Não à toa. Baseado no romance de Alfred Döblin, esta é a terceira vez que a história ganha vida nas telas, sendo que a do meio foi dirigido por Fassbinder na década de 80. Possuía 15 horas de duração. Quando estreou nos cinemas de Nova York os espectadores tinham que ir ao cinema em três noites consecutivas com o mesmo bilhete para ver o resto do filme. Por isso fico muito feliz com essas três horas dessa versão de Burhan Qurbani, diretor igualmente alemão, mas de origem afegã.
A história, adaptada para os tempos atuais, gira em torno da epopeia de Francis, refugiado de Guiné-Bissau que depois de praticar um ato de moral duvidosa para conseguir chegar a Berlim faz um pacto com Deus e decide, a partir daquele dia, ser uma pessoa boa, embora a partir daquele momento ele tome todos os caminhos errados. No meio do caminho ele encontra um psicopata, Reinhold (Albrecht Schuch, absoluto), que o alerta para a futilidade de sua promessa. O que é bem? O que é mal? “Você está querendo ser bom em um mundo mau.” Essa frase tem um misto entre coitadismo e fatalismo. Além de uma contradição filosófica braba.
O título do filme leva o nome do bairro de Berlim que é a terra dos refugiados que trabalham por merreca ou se prostituem como traficantes. É traçado um paralelo bacana com uma prostituta alemã, Mieze, e figuras marginalizadas com um certo poder de mafioso. Faz pensar em como os fora da sociedade conseguem sucesso por não poderem se dar ao luxo de viver uma vida honesta.
A narrativa de …Alexanderplatz é épica; com a voz de uma personagem que aparece apenas a partir da metade da história, esta mistura de filmes de gângsters com queda de impérios de drogas se vende como inesquecível. Porém, em vários momentos o foco se perde, e nesse jogo de tentar se manter de pé, Francis é o único desprovido de moral para tomar suas próprias decisões. Desde que chegou a Berlim ele continua sendo levado pela correnteza em sua jornada.
Curioso notar que no romance original ele era um assassino recém-saído da prisão. Adaptado, agora ele é um refugiado com a mesma sina, embora não exatamente a mesma, já que, assim como os heróis nos filmes de Hollywood, ele só pode matar e roubar se não for um ato egoísta. O herói não é, então, uma pessoa má que tenta se desvencilhar do passado, mas um inocente, que não tenta nada, pois é levado pelas absurdas circunstâncias de sua aventura em terra estrangeira, como servir de “backup” para as aventuras amorosas de Reinhold, que é incapaz de conseguir se relacionar afetivamente com as mulheres que leva para a cama.

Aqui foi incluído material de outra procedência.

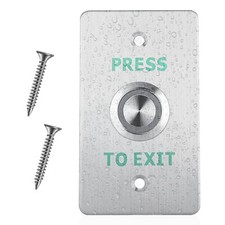 Stainless Steel Exit Button IP68 NO/NC COM LED Door Push Switch Press-12
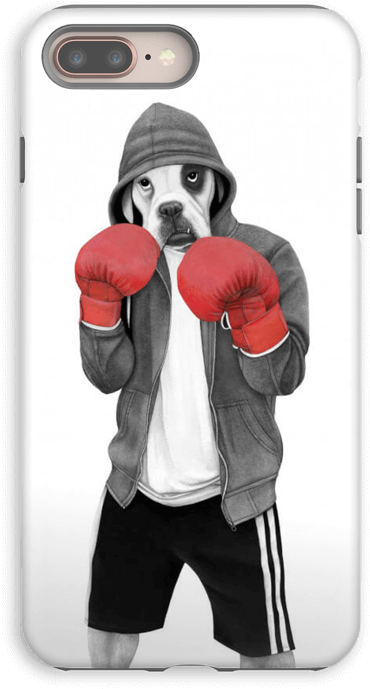 Street Boxer Case Iphone 8 Plus Tough - Sanna Wieslander Art Street Boxer Illustration (a3) (501x800), Png Download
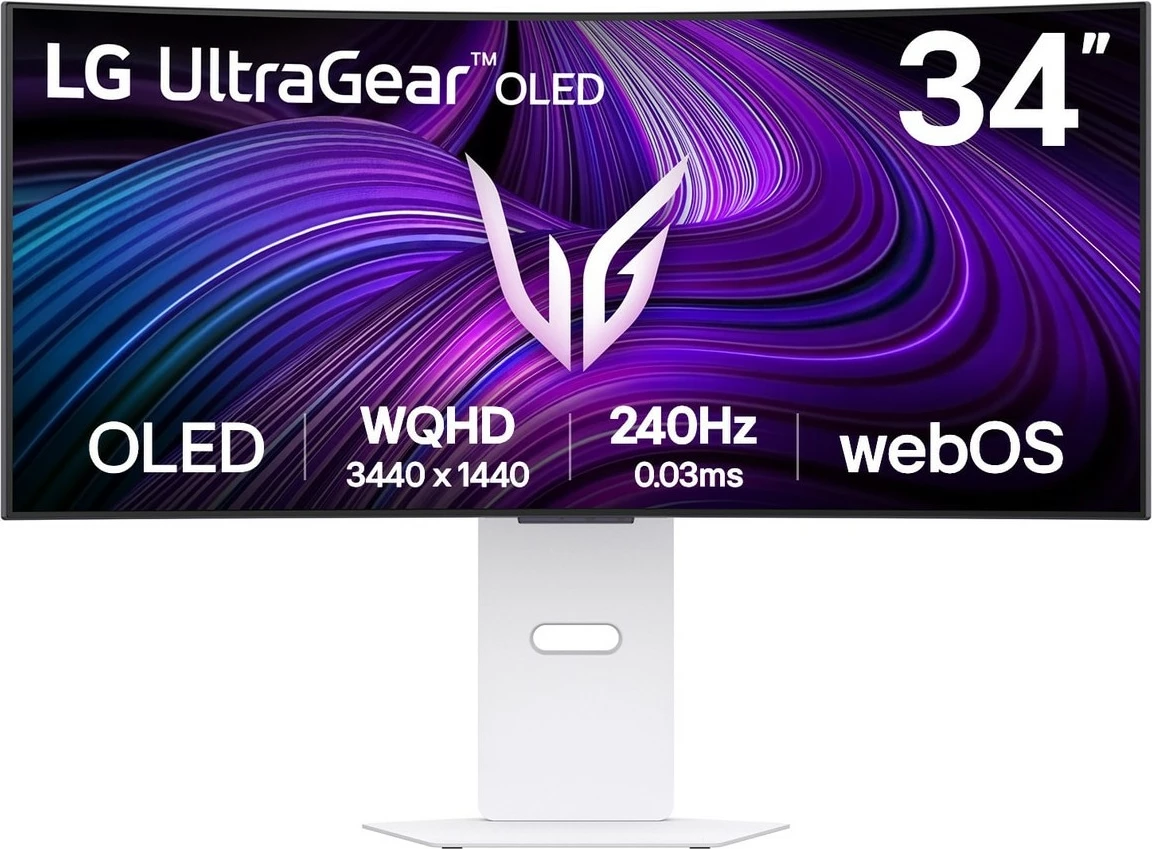 Monitor LG UltraGear 34GX90SA-W, OLED, 34 inç, 3440x1440, 240Hz, webOS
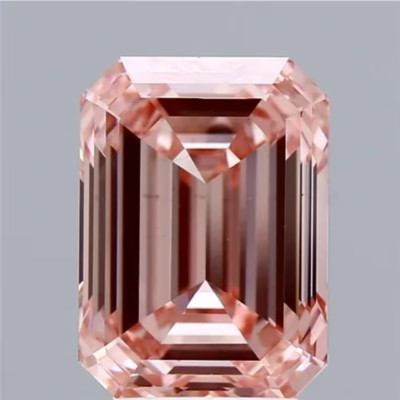 Flawless 15.7 Ct Natural Ceylon Padparadscha Emerald Cut Loose Gemstone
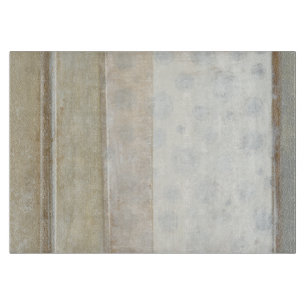 Decorative Panel Painting in Neutral Colours Cutting Board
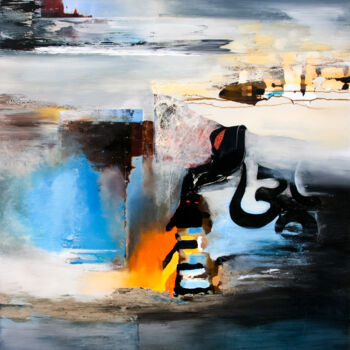 "Lumière du silence" başlıklı Tablo Françoise Dandelot tarafından, Orijinal sanat, Akrilik Ahşap Sedye çerçevesi üzerine mon…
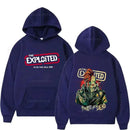 Hoodies THE EXPLOITED Theme Singer Graphic Printing Clothing Hooded Hip Hop Casual Unisex Autumn Winter Fleece Sweatshirts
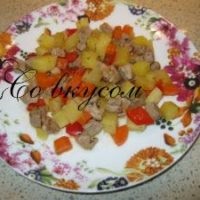Печеня зі свинини з картоплею - покроковий рецепт з фото (печеня свинини картоплею) Печеня зі свинини з картоплею - покроковий рецепт з фото
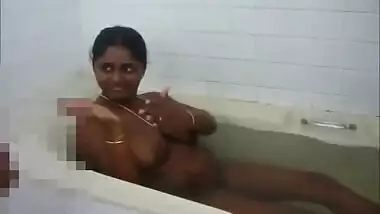 Tamil Mom Shower Front Of Husband
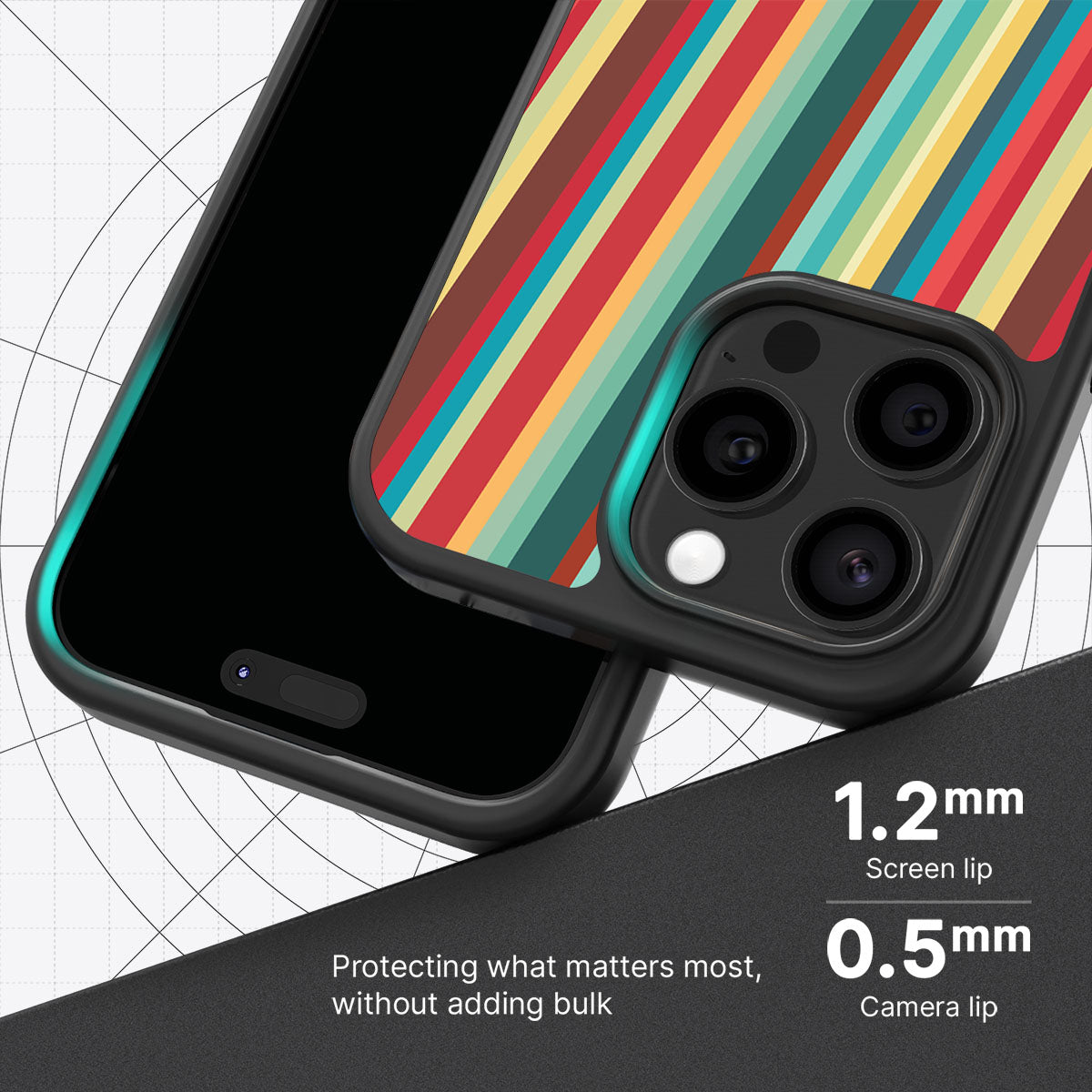 Retro Stripes - iPhone 13 Pro Max Case #case type_core (magsafe), #case type_core (non magsafe)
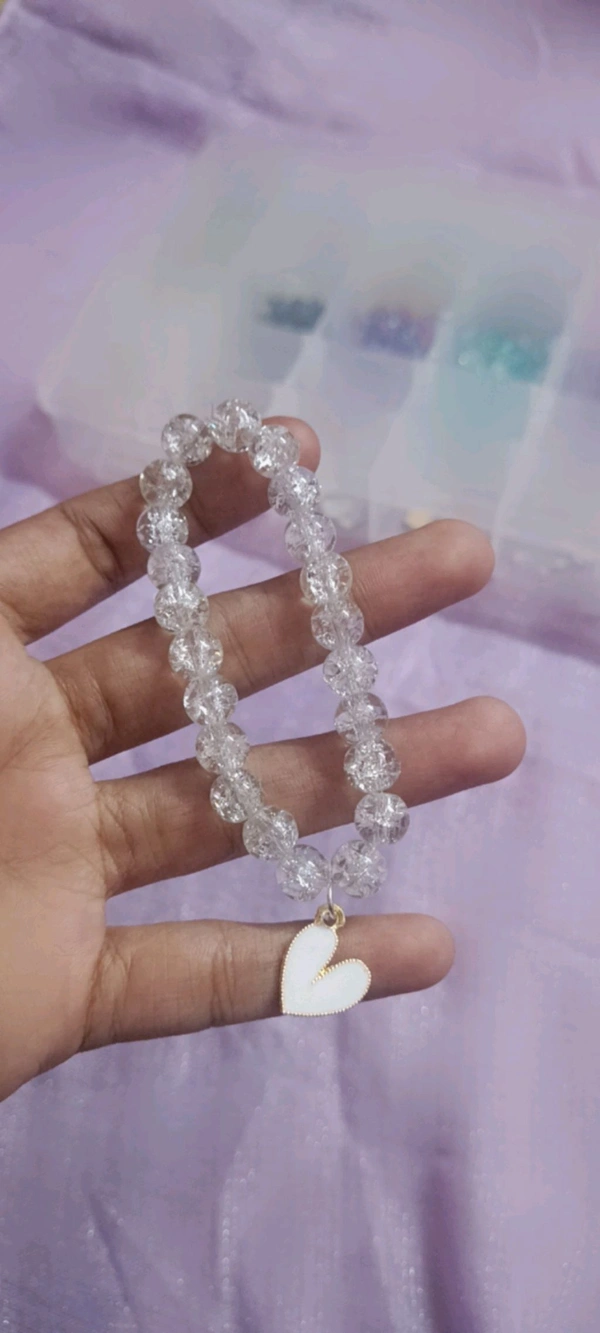 Jelly And Crackle Beads Bracelet - 007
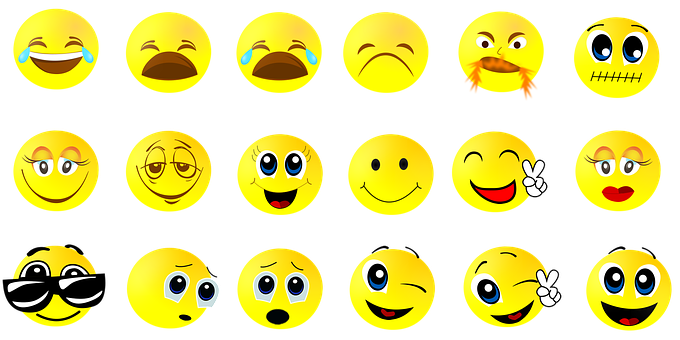 Variety_of_ Smiley_ Faces PNG image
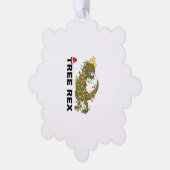 Tree Rex Kerstmis Dinosaurus T Rex 2 Ornament Kaart (Links)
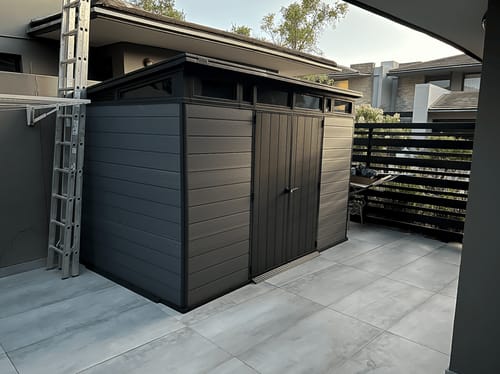 Customer photo review of Cortina 11x7ft (3.4m x 2.1m) Shed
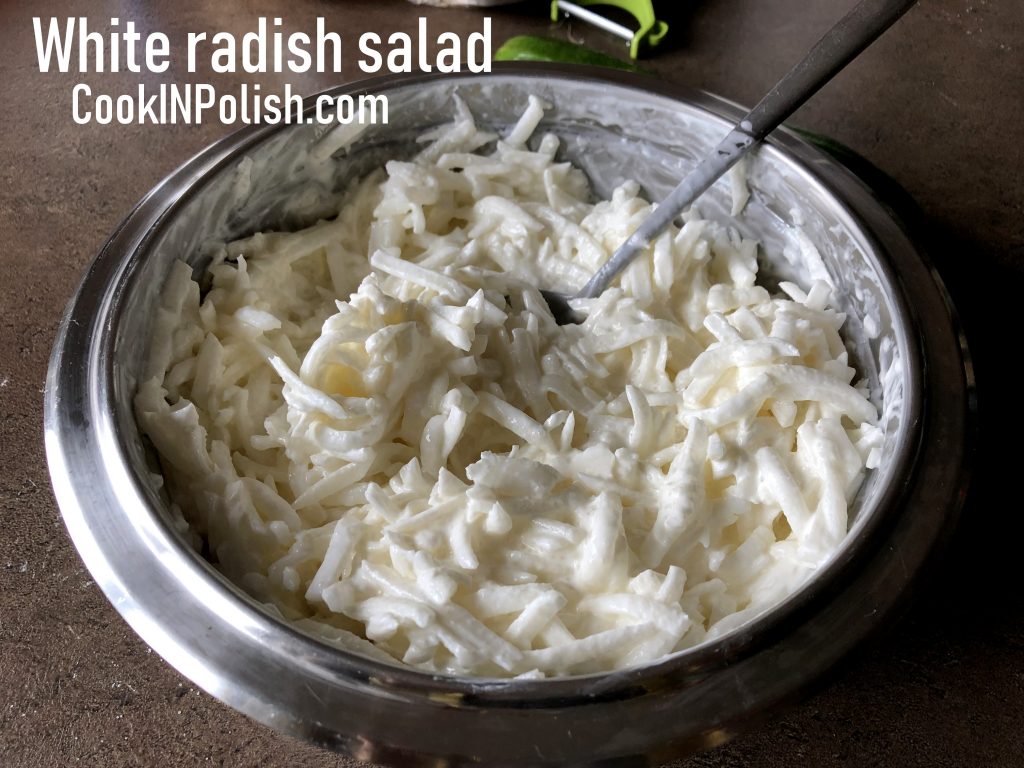 White Radish Salad ready to serve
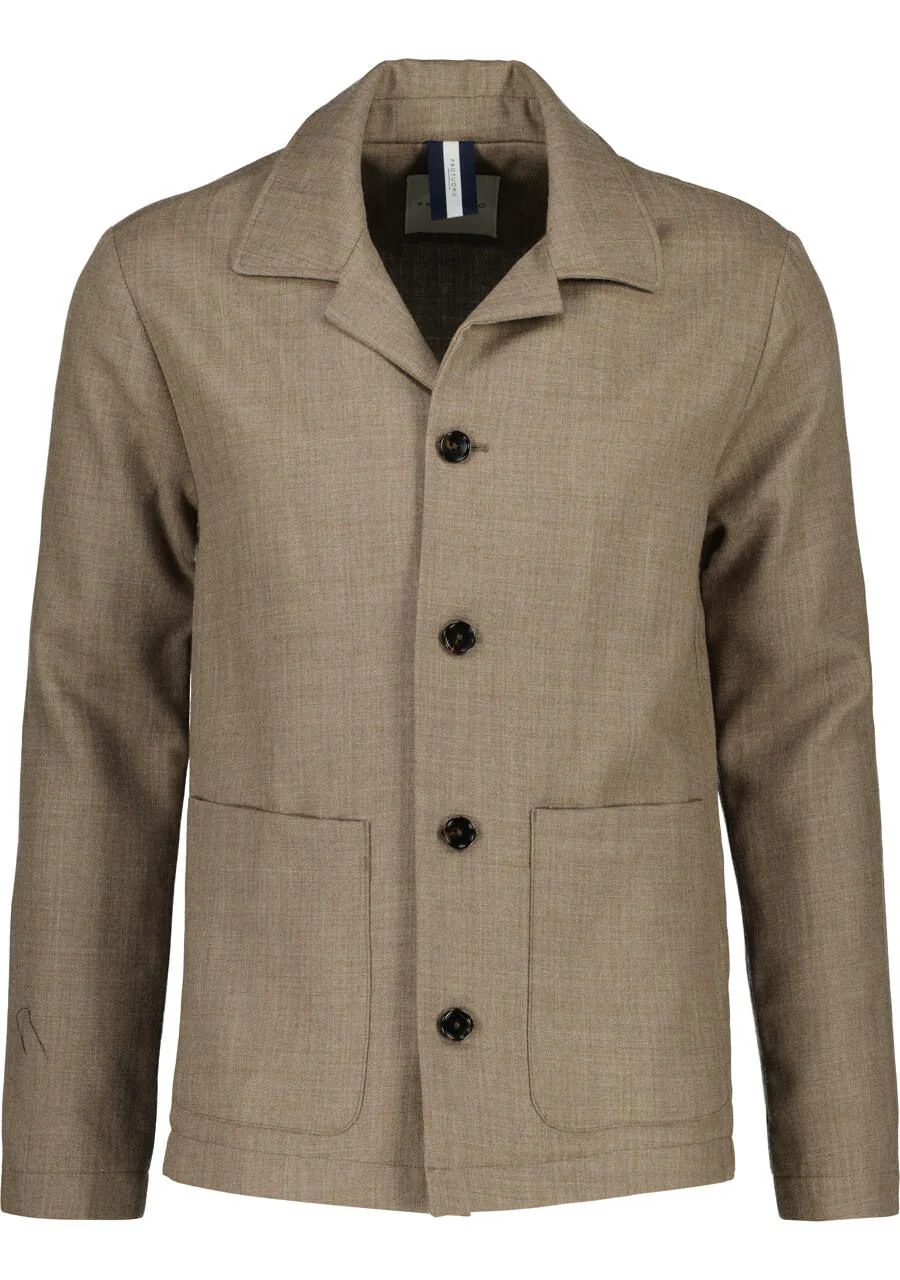 Overshirt aus Schurwolle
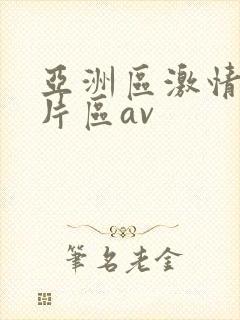 亚洲区激情区图片区av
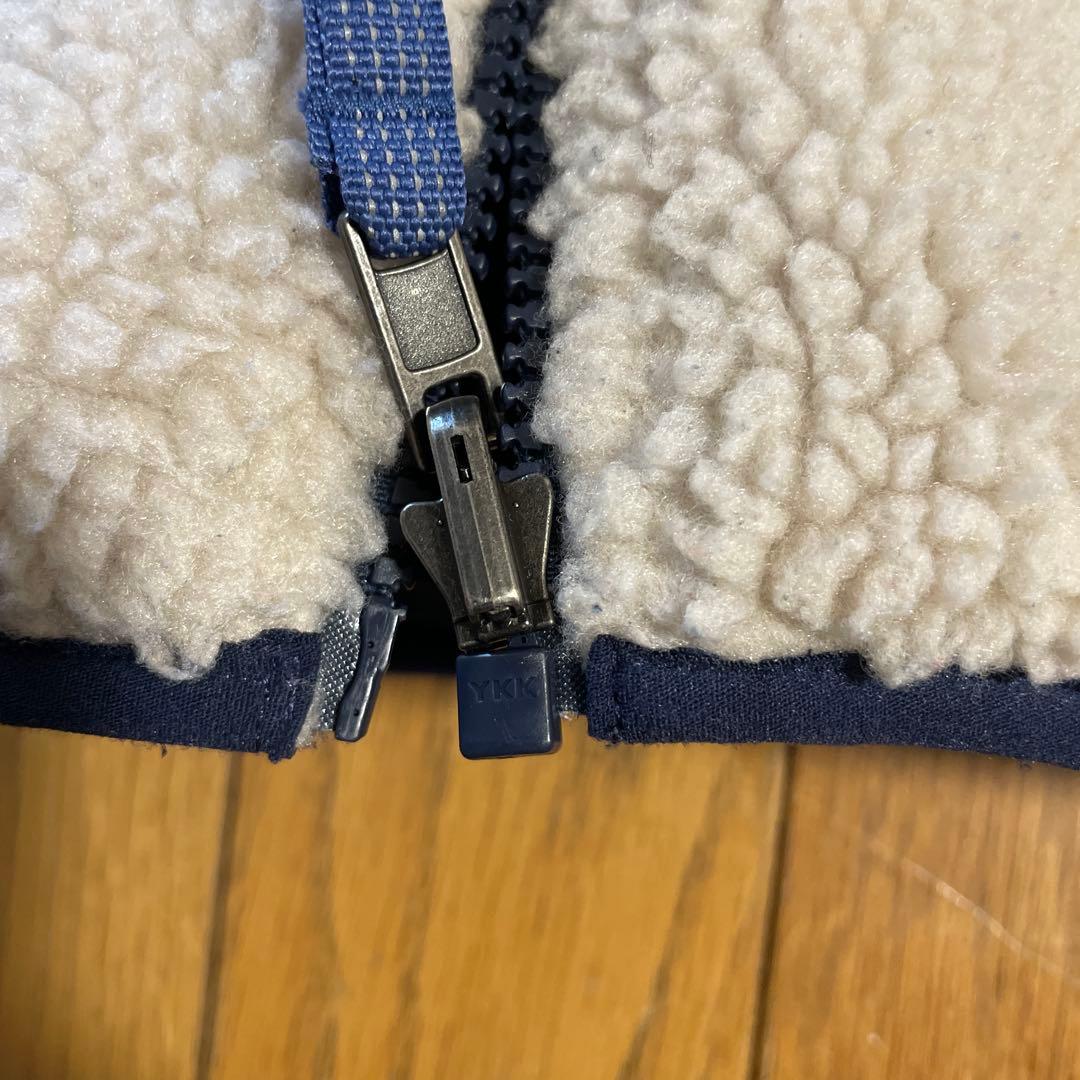 パタゴニア　レディフレディフーディ リバーシブル XS ボアフリース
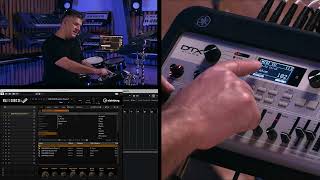 Yamaha  DTX10 amp DTXPROX  Controlling A DAW With The DTXPROX Module Cubase Version [upl. by Hewett196]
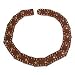 NOVICA Leather belt, 'Stepping Studs'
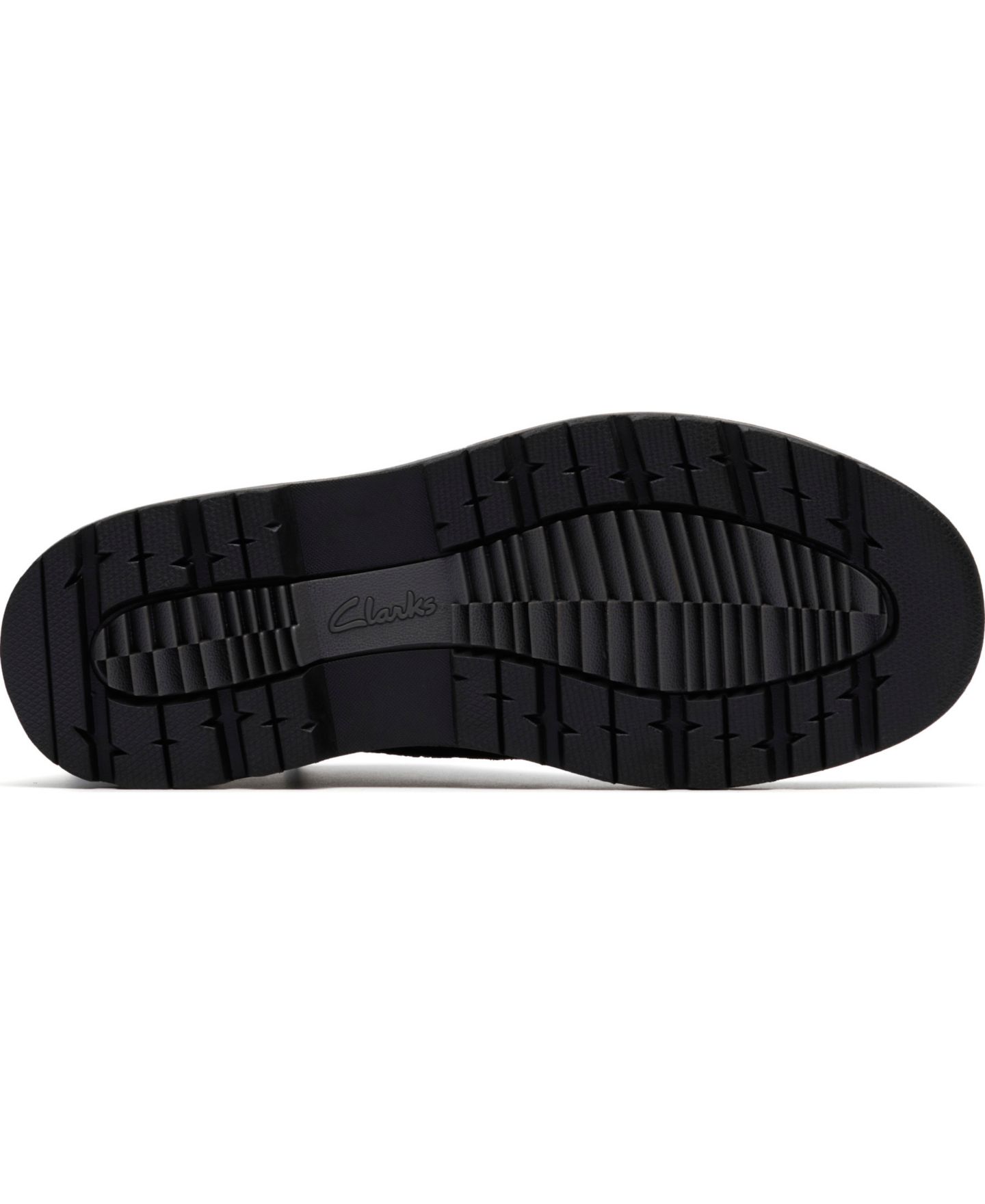 Мужские ботинки Clarks Collection Maplewalk Rise, цвет: Чёрный кожаный — фото 6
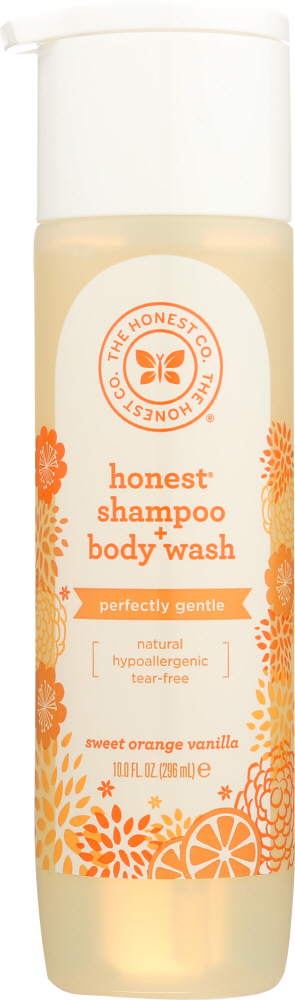 Picture of The Honest KHLV00287671 10 oz Orange Vanilla Shampoo Body Wash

A narrativa de …Alexanderplatz acaba sendo bonita o suficiente para nos hipnotizar. As atuações funcionam como uma imitação de trabalhos maiores, mas ainda com algum traço original que nos convence e retira, ao menos parcialmente, aquelas amarras de ceticismo que nutrimos de não ser mais possível fazer filmes bons com o mesmo tema de clássicos do passado. E mesmo sem uma história convincente, o trabalho do diretor Burhan Qurbani é consistente visto de todos os ângulos. A estética de sua equipe, o jogo de cores, os cenários, a localização geográfica e os ângulos de visão da ação favorecem as virtudes técnicas do filme e ocultam a ausência de detalhes na trama, como o mecanismo da venda de drogas.
A consequência é um ótimo filme, independente de sua origem e adaptação. A atmosfera vale mais que seus estereotipados personagens, cujas origens estão ocultas pela urgência do tempo, mas que acabam os tornando figuras misteriosas em um bairro abandonado de uma das capitais do mundo. Nós acreditamos nesta história contemporânea com muita poupa e cores. E isso basta para ficarmos três horas diante da tela. Ainda que tenhamos que nos ajeitar no sofá a cada troca de capítulo.
“Berlin Alexanderplatz” (Ale/Hol/Fra/Can, 2020); escrito por Martin Behnke, Alfred Döblin e Burhan Qurbani, dirigido por Burhan Qurbani, com Albrecht Schuch, Jella Haase e Welket Bungué.